Pendant deux ans donc, à raison d’une séance par mois, les élèves de quatre classes ont acquis les compétences propres à la médiation, en suivant pas à pas le fil conducteur de la méthode mise au point par l’Université de Paix.

La cohésion du groupe, la confiance et la coopération ont d’abord été travaillées via des activités ludiques et créatives (cf. Graines de médiateurs, le guide pratique).

On a ensuite abordé le cœur du sujet, le conflit. En s’identifiant à un animal, chacun a pu découvrir comment il se positionne par rapport au conflit, comment les autres ressentent et vivent son attitude, comment il peut faire pour en sortir et conserver de bonnes relations avec les membres de la classe. Les conflits récurrents, parfois futiles, parfois profonds, ont pu être mis en lumière et être désamorcés. Les meneurs et les plus discrets ont repris une place plus harmonieuse.
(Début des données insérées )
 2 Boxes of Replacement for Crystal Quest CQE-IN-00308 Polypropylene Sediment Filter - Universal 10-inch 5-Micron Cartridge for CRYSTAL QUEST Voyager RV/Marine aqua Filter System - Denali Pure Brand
C’est en travaillant l’écoute, la reformulation, l’expression des sentiments et des besoins que des bases efficaces de la négociation et de la médiation sont posées.
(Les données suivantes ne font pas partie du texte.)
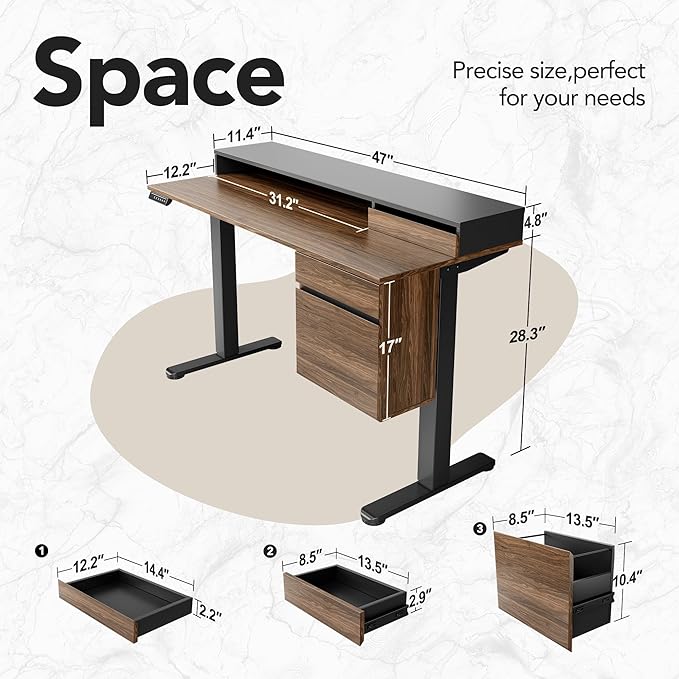 HUANUO Standing Desk with Drawers and File Cabinet 47 Inch Electric Height Adjustable Desk with Storage Ergonomic Stand Up Table Compatible with Monitor Stand Black Walnut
Dernière séance de formation…

La toute dernière séance est arrivée. Nous avons convenu de ne pas trop évoquer la tristesse et la nostalgie de cette dernière rencontre pour nous consacrer à notre objectif principal, la médiation. Les principes semblent simples quand on s’est entraîné à exprimer ses sentiments et ses besoins, quand on est convaincu qu’il existe une issue au conflit, quand on a envie de trouver une solution qui conviennent à tous. Tous les enfants ont donc compris comment il faut procéder, quelles étapes il faut suivre. Certains se sont aidés des cartes modèles et d’autres, véritables girafes médiatrices, ont mené le jeu avec naturel, légèreté et efficacité.

Toutes nos graines de médiateurs méritant leur diplôme de médiateur en herbe, une séance de clôture de formation et de remise de diplômes a été prévue. Tous les parents ont été conviés à la cérémonie durant laquelle un bref aperçu des activités menées et des objectifs du programme était également prévu. Ils ont tous déclaré qu’ils seraient présents ce jour-là! Trois cents personnes dans la salle des fêtes! Où allions-nous les mettre, quelles activités allions-nous proposer qui soient révélatrices de ce que nous avions vécu tout en impliquant tout le monde ? Après avoir laissé souffler un léger vent de panique, Nathalie et moi nous sommes rappelées que des petits et des grands miracles se sont produits à chaque séance, que l’enthousiasme et la joie ne peuvent qu’être porteurs de moments heureux.

Et cela a été le cas! C’était incroyable! Des échanges de signatures grâce au Bingo, pour briser la glace. « Les pingouins sur la banquise » et « Pêcheur, filet, sardines » pour se rapprocher des autres, se serrer, s’empiler. Je garde en mémoire ces petites filles et petits garçons, juchés fièrement sur les épaules de leurs parents qui éclatent de rire et visiblement s’amusent beaucoup.

« Miroir » a été, selon moi, le « magic moment », une synthèse idéale de tout ce que nous avons vécu et partagé durant deux ans. Trois cent personnes, en couples, chacun faisant face à l’autre et bougeant au rythme de la musique dans des mouvements identiques et harmonieux. Frère et sœur, grand-père et petit-fils, enfant et parent, copain et copine, élève et enseignant, les yeux dans les yeux, liés par un fil invisible, avec un sourire qui se dessine, s’élargit, puis le rire qui éclate.

Nous le savions déjà mais là, nous en avons la preuve : l’objectif était atteint, au-delà même de nos espérances, et ses effets ne s’éteindraient pas de si tôt.